Stored data.
==*==
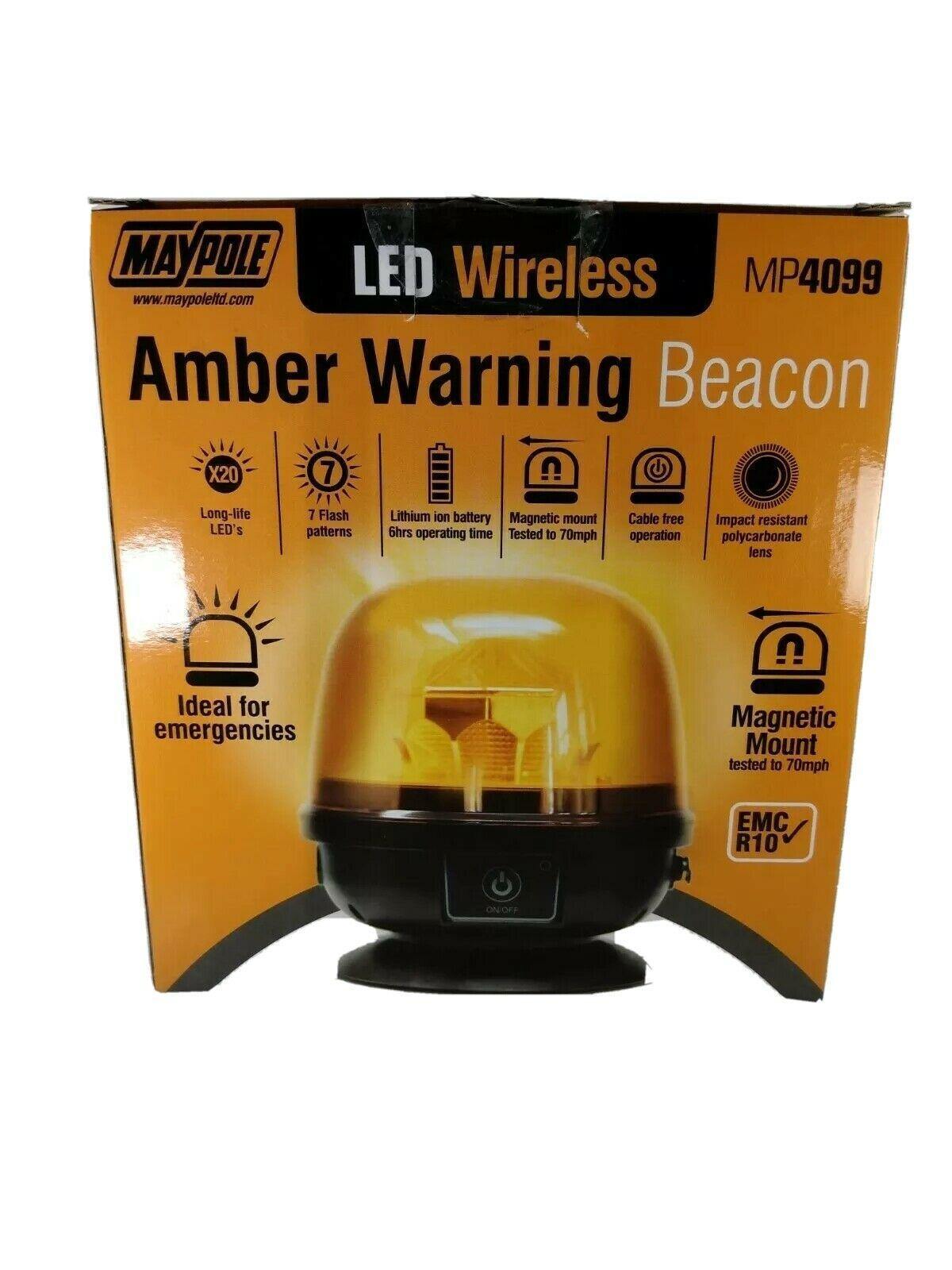Compact Wireless LED Magnetic Re-Chargable Amber Beacon Genuine Maypole MP4099 - Mid-Ulster Rotating Electrics Ltd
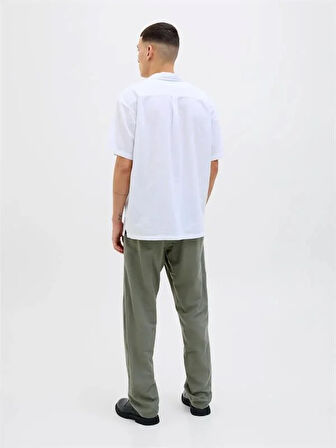 12248606 Relaxed Fıt Beli Lastikli Keten Jogger Erkek Pantolon Haki
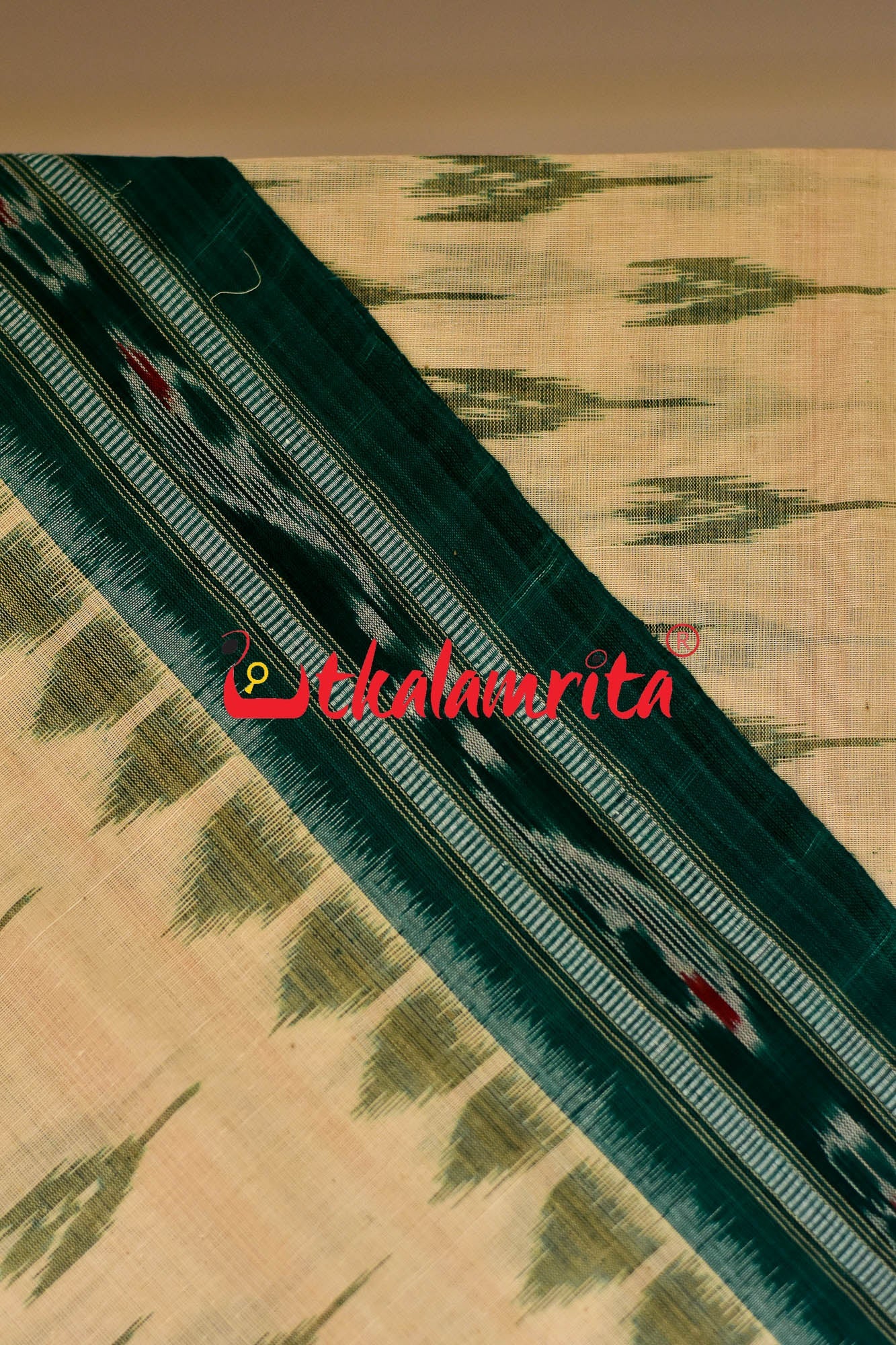 Off White Green Labanga Khandua Saree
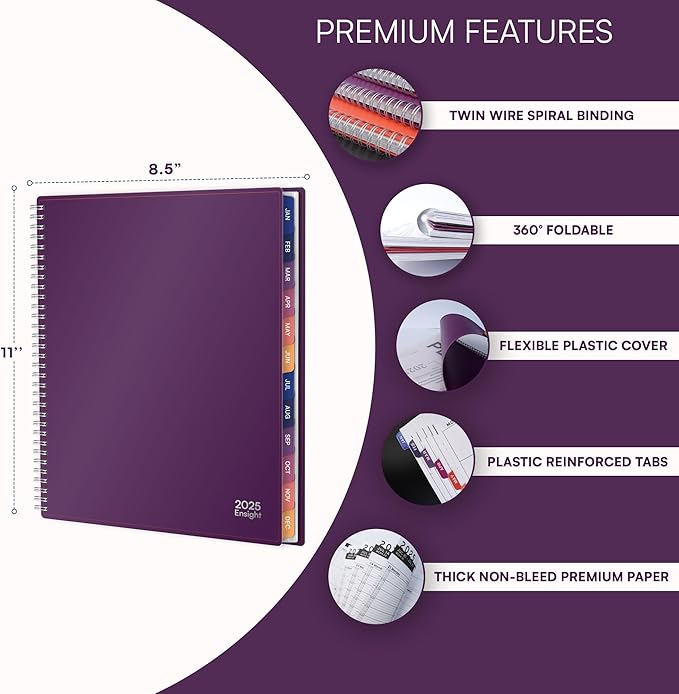 2025 Appointment Book & Planner- Ensight 8.5 x 11 inches, Large Tabbed Daily Hourly Weekly Planner, Calendar & Schedule Book 15-Minute time Slots, Business & Personal Planner Jan 2025- Dec 2025- Purple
==*==
Work order.
The answer should consist of every line above, exact and free of images.

Output.
Compact Wireless LED Magnetic Re-Chargable Amber Beacon Genuine Maypole MP4099 - Mid-Ulster Rotating Electrics Ltd
 12248606 Relaxed Fıt Beli Lastikli Keten Jogger Erkek Pantolon Haki
 Off White Green Labanga Khandua Saree
 2025 Appointment Book & Planner- Ensight 8.5 x 11 inches, Large Tabbed Daily Hourly Weekly Planner, Calendar & Schedule Book 15-Minute time Slots, Business & Personal Planner Jan 2025- Dec 2025- Purple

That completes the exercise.